C’est en 1769 qu’Aubert quitte Coltellini et dans une lettre à Verri il est déjà fait mention des notes additives et correctives pour la future imprimerie. En juillet 1769, Pietro Leopoldo donne son feu vert à l’Encyclopédie avec l’affirmation « encore mieux sans notes ». En novembre 1769 les abonnés sont 600, en 1771 ils atteindront 1 200 ». Le 23 avril 1770, les caractères arrivent de Londres ; le 22 octobre se termine l’impression du premier tome de Livourne – avec les notes marginales – qui doivent être remises aux abonnés qui, cependant, attendent quelques semaines comme Aubert a voulu le faire en présence du Grand-Duc.
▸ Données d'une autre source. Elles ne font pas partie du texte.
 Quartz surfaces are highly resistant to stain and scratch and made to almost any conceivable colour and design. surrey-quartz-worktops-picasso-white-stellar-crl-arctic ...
Mais étant hors de Toscane, le 6 novembre 1770 l’éditeur livre le premier tome sur la couverture duquel figure un paysage rocheux. Au final, l’Ecyclopédie « Livourne » comptera 33 volumes in-folios, dont 17 textes, 11 tableaux, 5 suppléments (4 textes et un tableaux). Par rapport à la première édition, celle de Paris, il manque deux volumes de tableaux analytiques et un supplément, mais il est plus riche et plus complet que celui de Lucca. Du papier de bonne qualité est utilisé et a une excellente finition des dessins. Et en 1941 Luigi Servolini, grand graveur de Livourne mais aussi critique et historien de l’art, à propos de la qualité des 2 888 planches gravées faisant référence aux tomes 18-28 et au tome 33, écrivait : « Ces planches, élégantes dans la distribution du figuratif des éléments plus hétérogènes, accordés entre eux même s’ils sont réalisés par des dessinateurs différents et gravés sur une longue période par divers chalcographes, constituent un complexe imposant pour une œuvre de ce genre ».